The first event is called Over There with Steve Pilcher, who was the production designer on Brave. Steve will read from his soon-to-be-released children's book Over There and then do a book signing. Tickets are $20 for adult non-members or $12 for members. The program takes place tomorrow, Saturday, September 20 at 2:30pm! It looks like tickets are still available!


Ronnie del Carmen

Next is a 5 part talk called Animation Basics: Breaking Down the Magic. Part 1 will focus on story, the use of storyboards and the development of the script and will be hosted by Inside Out co-director Ronnie del Carmen. This event will take place on Saturday, October 25th.


Ricky Nierva
Part 2 of the Animation Basics series is subtitled Character and is taking place Saturday, December 6th. This event will cover character development, the use of maquettes and the importance of casting and voice. It will feature a number of Pixarians, including production designer Ricky Nierva, art director Matt Nolte, character sculptor Jerome Ranft, producer and casting director Kevin Reher and casting manager Natalie Lyon!

Dates and hosts of parts 3 through 5 haven't been announced yet, so keep an eye on the museum's calendar!

The last event I want to mention is the CalArts Fall Open House, being held on Saturday, October 18th. Alumni and staff from the world-renowned school will host a reception and discussion regarding its programs and admission requirements. This is an awesome way for prospective students to meet some of the leading artists and instructors in animation. With the large number of CalArts graduates at Pixar, while I don't know for sure, I can't help but think there will some at this event. Registration for it will begin on October 1st.
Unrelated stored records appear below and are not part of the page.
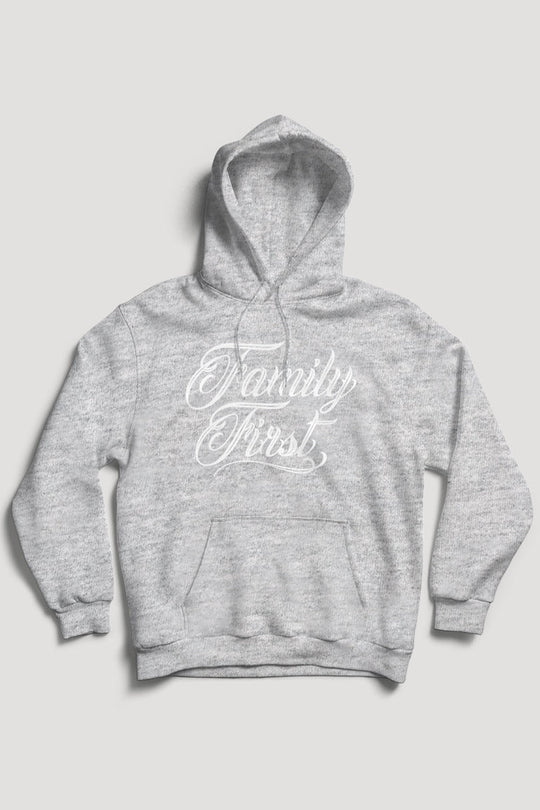 Family First Hoodie (White Logo) - Zamage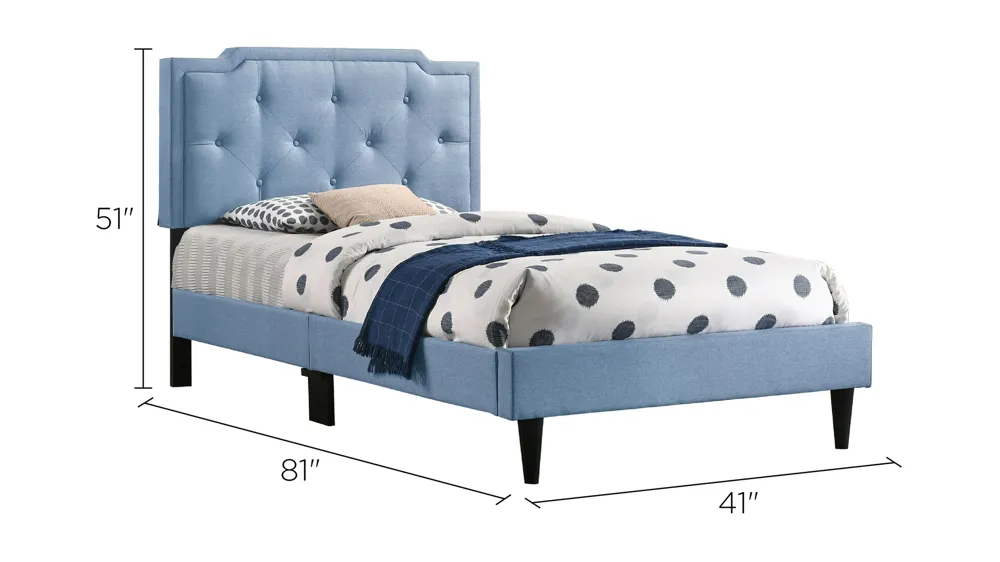 Deb Upholstered Bed Dimensions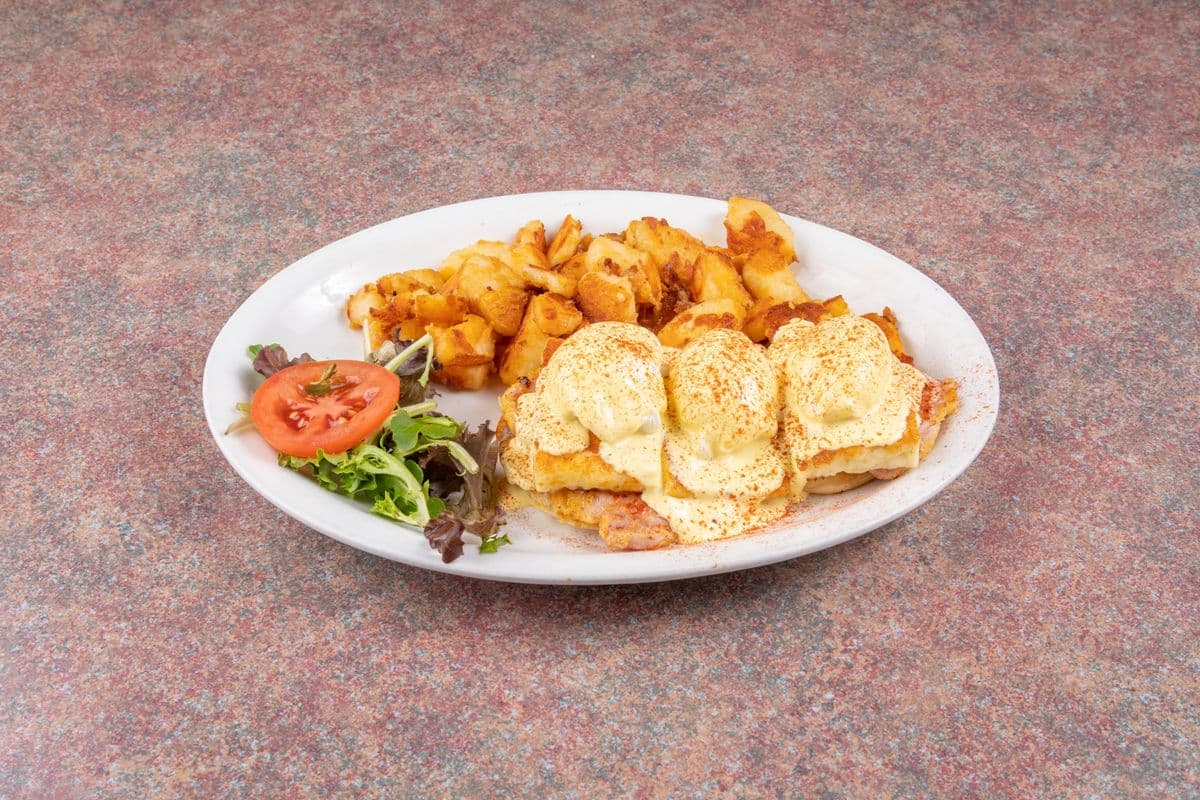 Three Eggs with Grilled Halloumi Cheese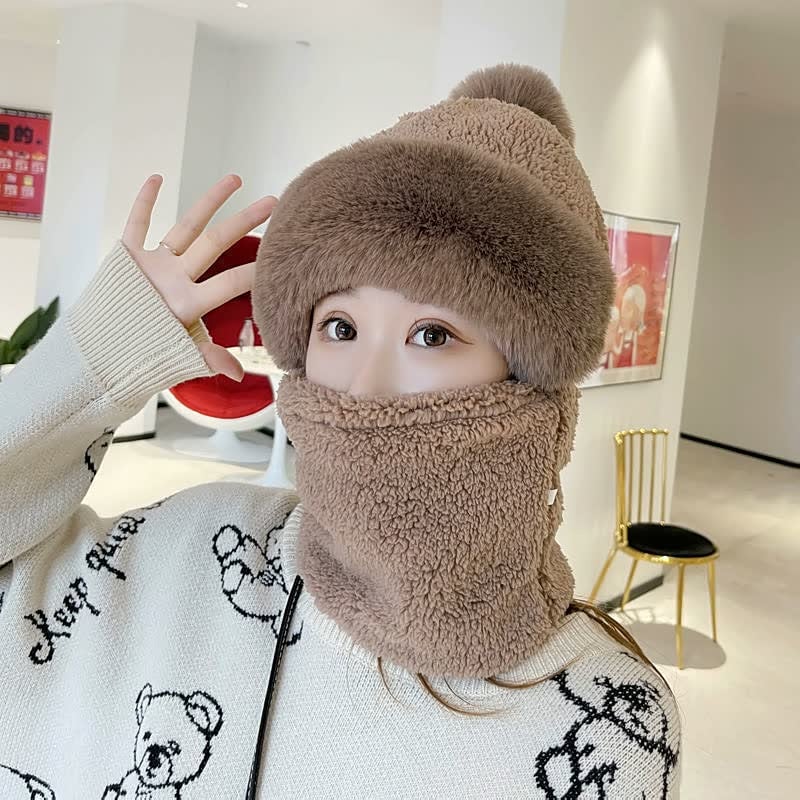 ❄winter promotion 49% OFF❄ Women's cycling windproof scarf hat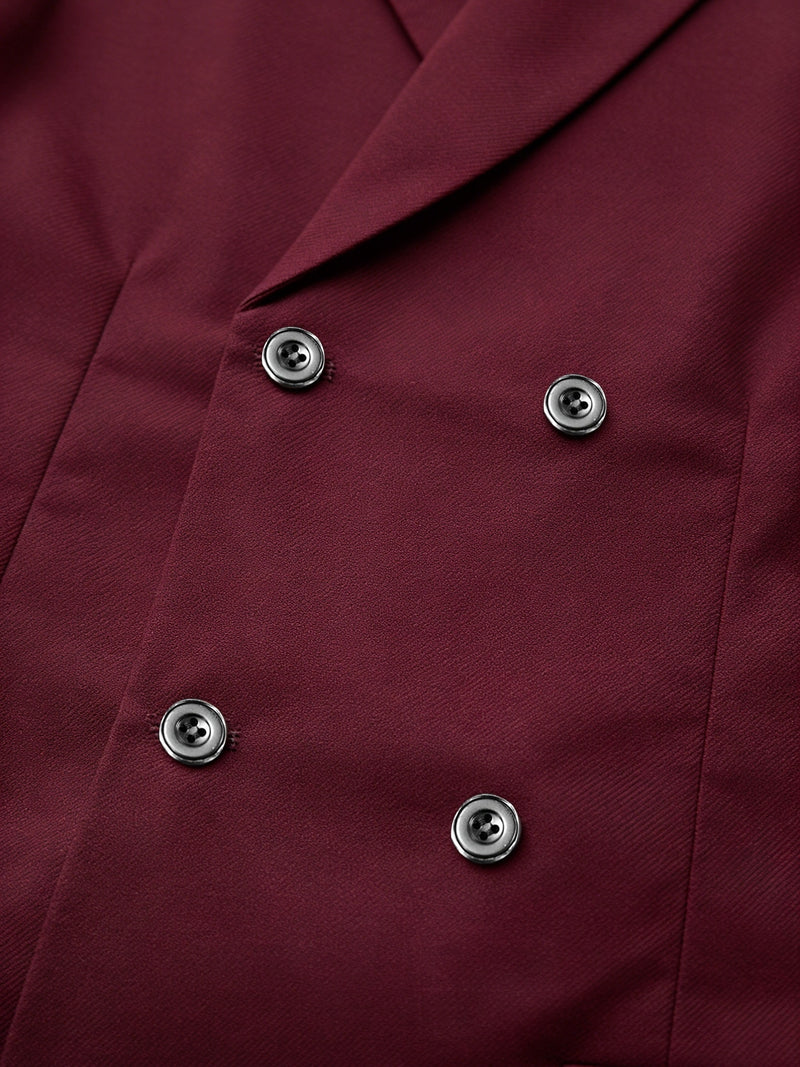 Men's Three-Piece Suit, Formal Business Attire Set, Includes Jacket.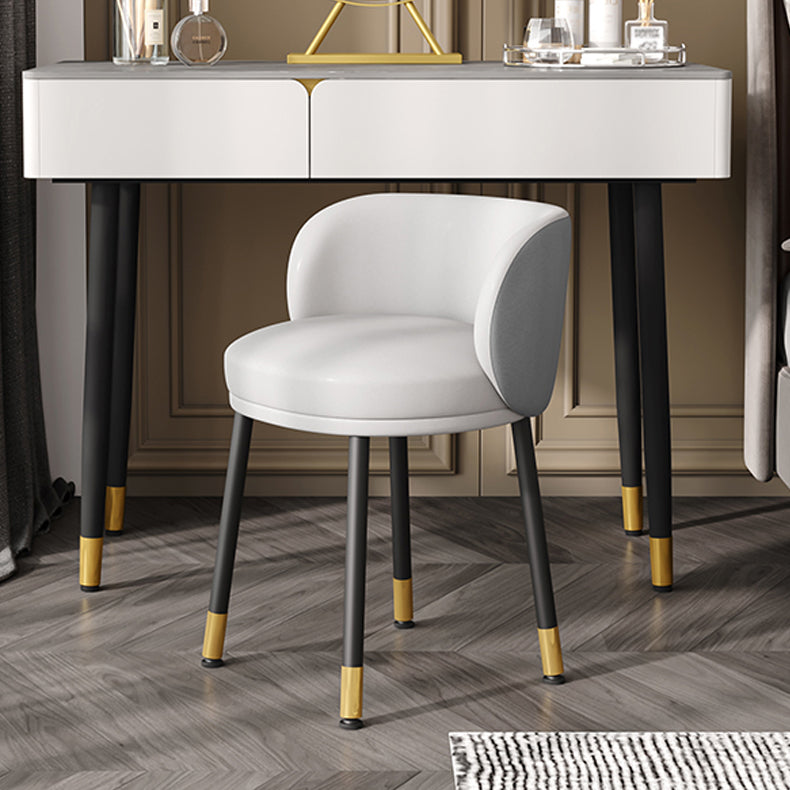 Nordic Style Armless Solid Back Chair Upholstered Side Chairs Clearhalo ' kitchen&dining_furn' 'Dining Chairs' 'Dining Tables & Seating' 'dining_chair' 'furn' 'furn_dining_chair' 'Furniture' 'furniture_dining_chair' 'Kitchen & Dining Furniture' 'kitchen' 4557823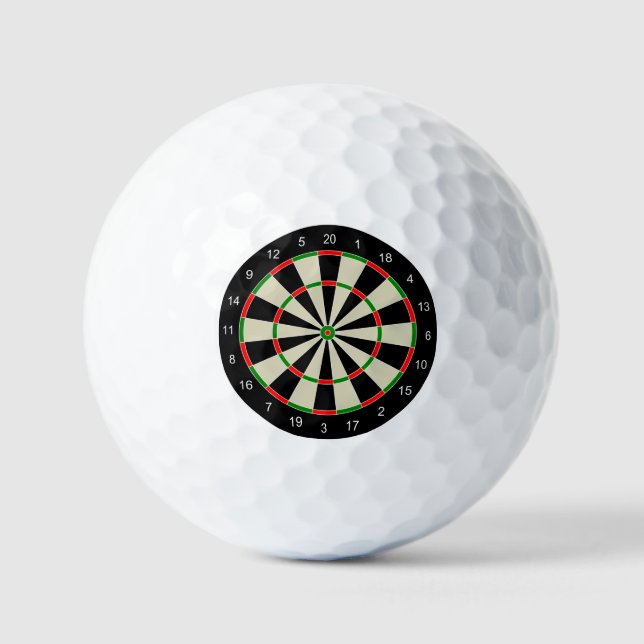 Dart Board Golf Balls (Front)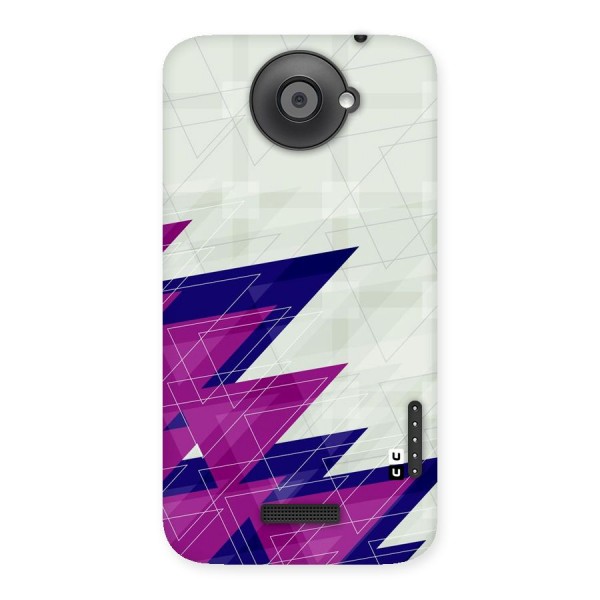 Sharp Abstract Design Back Case for HTC One X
Tickets for these events may run out, so if you're planning on going you should buy them sooner rather than later!

Monday, September 1, 2014

This Day in Pixar History: Pixar Earnings Report, 1st Quarter 1998


© Pixar

I'm back with another look at Pixar's earnings from when they were a standalone company. In my continuing series, this post will look at their first quarter 1998 earnings report, which was announced after the market closed on Thursday, April 23, 1998. At this time, little money was flowing in but the company was busier than ever. 3 films were in different stages of development - A Bug's Life, which would be released later in the year, Toy Story 2, which in February, 1998, had been upgraded to a theatrical release (from a direct-to-video sequel), and Monsters, Inc. (officially referred to as "Film 4") was in early development.

© Pixar
Film revenue from Toy Story home video and merchandise was $4.0 million vs. $6.3 million in the same quarter of 1997. Through the end of March, 1998, Pixar had received just shy of $50 million from Toy Story. Given that the film made $362 million worldwide plus the hundreds of millions more in home video and merchandise sales, it's obvious why Pixar pushed for the Co-Production Agreement, where Pixar and Disney would share equally in all costs and revenues (versus the approximately 10% - 15% it was receiving in accordance with the original Feature Film agreement).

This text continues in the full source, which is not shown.